The early games in the first round of the NBA playoffs have had a little something for everyone. You've had underdogs winning on the road, close games all around and the return of the Knicks to the playoffs. The result has been record television ratings for TNT and ESPN/ABC.
The reasons for the increase are varied, but there is no doubt that having all five of the largest TV markets in the playoffs for the first time since 1990 has been a factor. Again, thank you to the Knicks, as the Lakers, Bulls, Sixers and Mavericks have been fairly regular participants in the years since then.
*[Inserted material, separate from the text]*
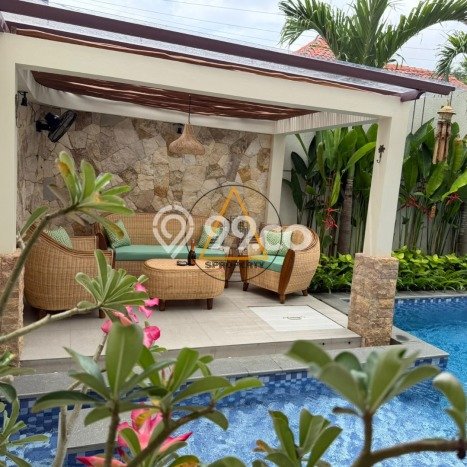 Vila Potensial Kawasan , Area 400m2m², Area Asri untuk Anda Vila Potensial Kawasan , Area 400m2m², Area Asri untuk Anda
The ratings bonanza should mean substantial revenue gains for the television partners, but should only mean additional headaches for the NBA. The jump in playoff viewership follows a rise in regular season TV ratings and will only further complicate the already delicate negotiations with the players union for a new collective bargaining agreement.
The NBA maintains that it is losing some $300 million a year despite rising attendance, merchandise sales and now record TV ratings, and wants a 30 percent cut in players' salaries. The union wants to see the books to verify the claimed losses, something David Stern is strongly (and suspiciously, if you're a player or someone who hopes there is no lockout) resisting.
So, back to the action on the court. The networks have to be hoping that the banged-up Knicks can finally learn how to close out a game now that the series moves to the Garden. With the Lakers and Spurs having tied up their respective series and Miami and the Bulls firmly in control of theirs, the TV execs are still smiling over the ratings yet to come.